Oh, it wasn't meant as a criticism. I think my original misperception just strengthens your point. XML written as simply as possible is still more complicated than JSON.

That said, I feel about XML much the same way I feel about Java. They are typcially more complicated and verbose than the alternatives, but I don't think you can pin the horrendous level of complexity on the languages themselves. There seems to be a stronger cultural distain for complexity in the communities around other frameworks and languages, and JSON reflects this.

Everyone is (in theory) opposed to "unnecessary" complexity. The real issue is where you draw the line. For some reason, the python/django and ruby/rails communities seem more inclined to say "no" to complexity, even if it means giving something up. To turn it around, you have to get a hell of a lot of benefit to convince rails/django people to accept the overhead of additional complexity. I'm not sure why - maybe this is because these frameworks were created by people who were agast at what they saw developing in the Java world?

This seems to be the case with JSON vs XML as well. XML isn't going to be as simple as JSON, but there's no reason you can't describe data in XML in a way that is concise, reasonably, simple, and easy to read (both for people and computers).

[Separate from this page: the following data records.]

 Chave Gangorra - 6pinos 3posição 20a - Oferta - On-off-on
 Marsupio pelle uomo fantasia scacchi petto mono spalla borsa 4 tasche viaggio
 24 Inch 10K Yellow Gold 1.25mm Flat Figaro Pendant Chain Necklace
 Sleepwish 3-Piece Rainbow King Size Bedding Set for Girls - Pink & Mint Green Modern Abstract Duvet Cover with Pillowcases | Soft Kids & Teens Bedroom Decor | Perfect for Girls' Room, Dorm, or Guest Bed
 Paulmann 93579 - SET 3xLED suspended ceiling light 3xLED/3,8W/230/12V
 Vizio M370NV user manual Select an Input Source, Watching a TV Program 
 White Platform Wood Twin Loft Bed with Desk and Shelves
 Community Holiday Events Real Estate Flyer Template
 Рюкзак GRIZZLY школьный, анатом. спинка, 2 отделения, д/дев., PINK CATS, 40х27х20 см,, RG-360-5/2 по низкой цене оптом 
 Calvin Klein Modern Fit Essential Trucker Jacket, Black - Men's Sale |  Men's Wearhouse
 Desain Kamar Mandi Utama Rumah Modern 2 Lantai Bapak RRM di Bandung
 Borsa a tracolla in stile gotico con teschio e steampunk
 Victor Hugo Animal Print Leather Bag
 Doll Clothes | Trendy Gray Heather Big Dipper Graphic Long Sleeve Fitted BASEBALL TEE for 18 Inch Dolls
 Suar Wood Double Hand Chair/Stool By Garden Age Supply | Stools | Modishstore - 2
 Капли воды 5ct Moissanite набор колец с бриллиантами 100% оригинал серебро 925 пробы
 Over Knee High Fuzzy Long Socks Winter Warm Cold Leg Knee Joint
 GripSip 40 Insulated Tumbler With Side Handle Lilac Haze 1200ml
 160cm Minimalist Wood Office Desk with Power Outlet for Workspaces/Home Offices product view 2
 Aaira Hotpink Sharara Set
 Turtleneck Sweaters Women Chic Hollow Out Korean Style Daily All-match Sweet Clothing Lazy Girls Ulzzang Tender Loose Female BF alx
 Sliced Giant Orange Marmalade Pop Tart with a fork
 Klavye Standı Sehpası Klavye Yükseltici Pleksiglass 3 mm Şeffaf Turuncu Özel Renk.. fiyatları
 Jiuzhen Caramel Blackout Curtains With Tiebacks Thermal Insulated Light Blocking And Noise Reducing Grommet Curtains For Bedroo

> but there's no reason you can't describe data in XML in a way that is concise, reasonably, simple, and easy to read (both for people and computers)

Yes, there is. Each item in XML requires 5 + len(tag) extra characters, minimally: <name>asdf</name>. Unless you make everything a property (e.g. <x name="asdf"/>), in which case you only need 5 extra characters (<x />) per parent item. JSON is minimal: you need no extra characters (or, arguably, 2 extra characters for strings with no spaces)

That's for people. It's even worse for machines, because they have to be able to parse <name>asdf</name> and <person name="asdf"/> and <person name="asdf">...</person> and then be able to verify it using a schema external to the XML in question.

What I don't understand is why people ever thought XML was a good idea. I took one look at in back in '98 when it came out (or whenever it was) and said "this isn't human readable (unless maybe you like writing your HTML by hand)" and proceeded to successfully ignore it unless I have to use it.

> I feel about XML much the same way I feel about Java.

Heh. The SOAP WSDL I'm dealing with was generated by a Java application, and it has the Java cultural stamp all over it.